Indian poverty alleviation project

The National Rural Livelihood Mission (NRLM) is a poverty alleviation project implemented by the Ministry of Rural Development, a branch of the Government of India. This plan is focused on promoting self-employment and the organization of rural poor. The idea behind this program is to organize the poor into Self Help Groups (SHGs) and make them capable of self-employment. In 1999, after restructuring the Integrated Rural Development Programme (IRDP), the Ministry of Rural Development (MoRD) launched Swarnajayanti Grameen Swarojgar Yojana (SGSY) to focus on promoting self-employment among the rural poor. SGSY is now remodelled to form NRLM, thereby plugging the shortfalls of the SGSY programme. This program was launched in 2011 with a budget of $5.1 billion and is one of the flagship programs of the Ministry of Rural Development. This is one of the world's most prominent initiatives to improve the livelihood of the poor. This program is supported by the World Bank with a credit of $1 Billion. The program was succeeded and renamed by Deen Dayal Antyodaya Yojana on 25 September 2015.

==Background==
The basic idea behind this project was to form SHGs and help them to start some entrepreneurial activities but later SHG group failed.

==Approach==
In order to build, support and sustain livelihood of the poor, NRLM will harness their capability and complement them with capacities (information, knowledge, skill, tools, finance and collectivization), so that the poor can deal with the external world. NRLM works on three pillars – enhancing and expanding existing livelihoods options of the poor; building skills for the job market outside; and nurturing self-employed and entrepreneurs.

Dedicated support structures build and strengthen the institutional platforms of the poor. These platforms, with the support of their built-up human and social capital, offer a variety of livelihoods services to their members across the value-chains of key products and services of the poor. These services include financial and capital services, production and productivity enhancement services that include technology, knowledge, skills and inputs, market linkages etc. The interested rural BPL youth would be offered skill development after counseling and matching the aptitude with the job requirements, and placed in jobs that are remunerative. Self-employed and entrepreneurial oriented poor would be provided skills and financial linkages and nurtured to establish and grow with micro-enterprises for products and services in demand. These platforms also offer space for convergence and partnerships with a variety of stakeholders, by building an enabling environment for poor to access their rights and entitlements, public services and innovations. The aggregation of the poor, through their institutions, reduces transaction costs to the individual members, makes their livelihoods more viable and accelerates their journey out of poverty.
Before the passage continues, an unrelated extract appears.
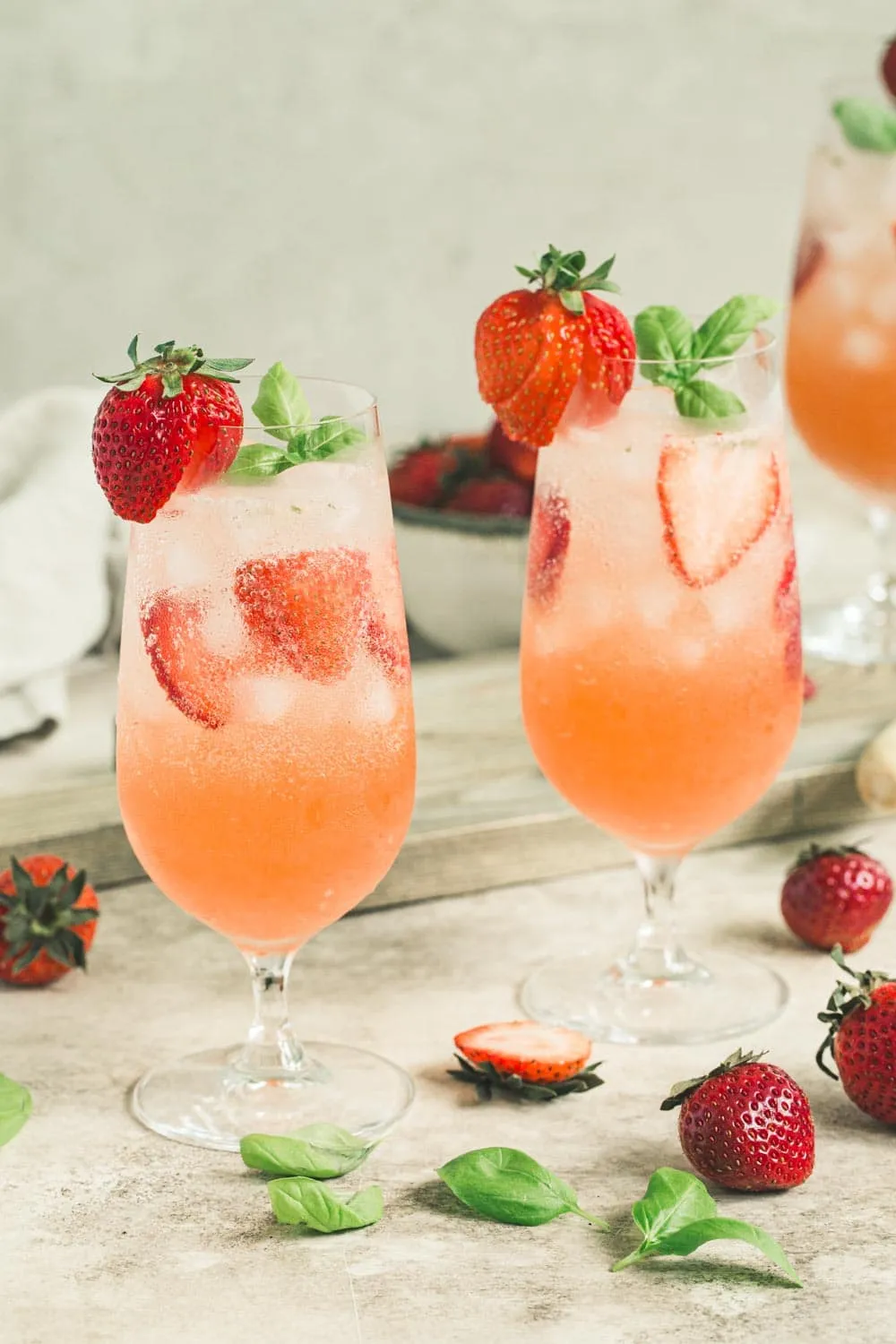 Two strawberry mojitos in tall clear glasses topped with sliced strawberries and basil leaves.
NRLM will be implemented in a mission mode. This enables:

(a) shift from the present allocation based strategy to a demand driven strategy, enabling the states to formulate their own livelihoods-based poverty reduction action plans.

(b) focus on targets, outcomes and time bound delivery.

(c) continuous capacity building, imparting requisite skills and creating linkages with livelihoods opportunities for the poor, including those emerging in the organized sector.

(d) monitoring against targets of poverty outcomes.

As NRLM follows a demand driven strategy, the States have the flexibility to develop their own livelihoods-based perspective plans and annual action plans for poverty reduction. The overall plans would be within the allocation for the state based on inter-se poverty ratios.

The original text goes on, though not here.